Following the recent court decision on Jerrier vs. Outsurance questions arise on whether or not it is necessary to report every trivial loss to your insurer to avoid a rejection of a claim at a later stage.
In the Outsurance case the court upheld the rejection because material information was not disclosed. The rejection was not based on the non-disclosure of non-material small claims.
Donald Dinnie, Head of Norton Rose South Africa Disputes Resolution, defines the duty of good faith as the duty not to misrepresent, or omit to disclose facts material to the assessment of the insured risk to be insured.
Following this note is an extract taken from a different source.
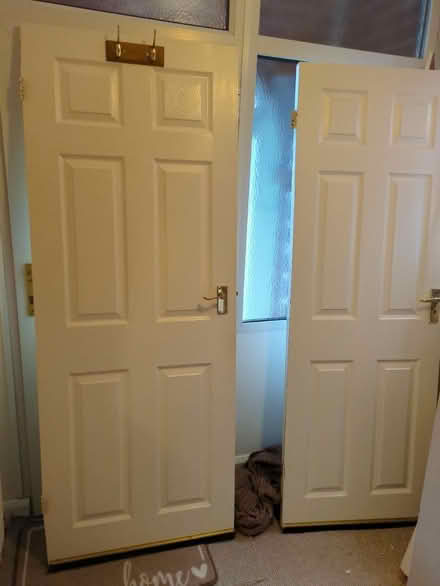 Photo of free Internal doors x 2 (LE5) #1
The duty to disclose exists each time a policy is entered, renewed or varied.
The South African Insurance Association (SAIA) and the Financial Services Board (FSB) in a joint statement on 11 April said that that Insurance companies undertook not to reject motor car claims on the grounds that customers do not report minor incidences (not material to the assessment of the insurance risk).Alexander Forbes Insurance (AFI) position on the matter has always been that you only need to disclose material matters. The duty of disclosure continues throughout the contract, so you need to reveal change in risk as it happens.
According to AFI MD, Gari Dombo, if the vehicle damage is less than the excess, its clients are not required to report the incident. “After all, one of the main reasons for an excess is to reduce costly administration of small claims, this applies to other small non motor losses where the cost is less than the policy excess” continued Dombo.
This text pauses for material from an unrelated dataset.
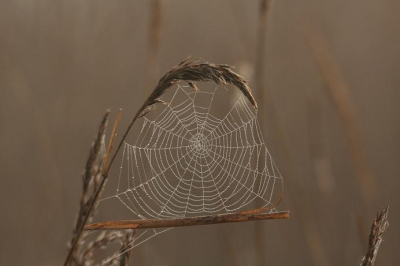 De mist van vanmorgen zorgde voor de vochtdruppeltjes, het wazige zonlicht zorgde voor de mogelijkheid voor een tegenlichtopname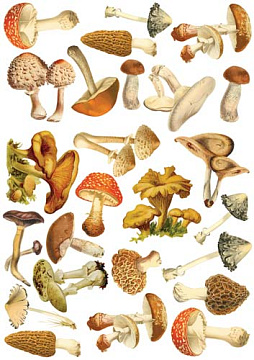 Overlay z nadrukiem do scrapbookingu, Mushroom illustrations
Dombo said that it was in clients’ best interests to make their insurance firm aware of any accidents especially if they were uncertain of the extent of the damage. AFI would in these cases assess the vehicle and determine if the cost of the repair will be greater than the excess.
Dombo adds that clients are obliged to ensure continuous disclosure of material information; this guarantees that claims are properly investigated and clients have recourse in the event of third party involvement. While one may not expect each small claim to be intimated to the insurers it is in the interest of the client to try and report each and every incident to avoid any potential claims disputes.
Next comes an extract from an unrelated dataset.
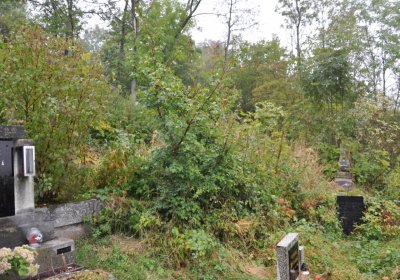 Sutom obecní, Omnium, 2020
Accidents involving third party must be reported to your insurance company, even if the damage is trivial, as it is always possible that the third party claim for injury or damage will pop up later on. If you have not informed your insurer of this incident, there is a strong chance that your liability cover will not respond.
It is a prerequisite that accidents where damage has occurred be reported to the police as a case number must be obtained in order to claim from your insurer.
Dinnie adds, “A good rule of thumb is when in doubt to make the disclosure or to obtain the guidance of a good broker.”
Disclosing accidents that you had prior to taking out the current short-term insurance policy is important. Insurance is obtained to guard you from the financial load of an accident and not reporting an accident could result in costing you more in the long run concludes Dombo.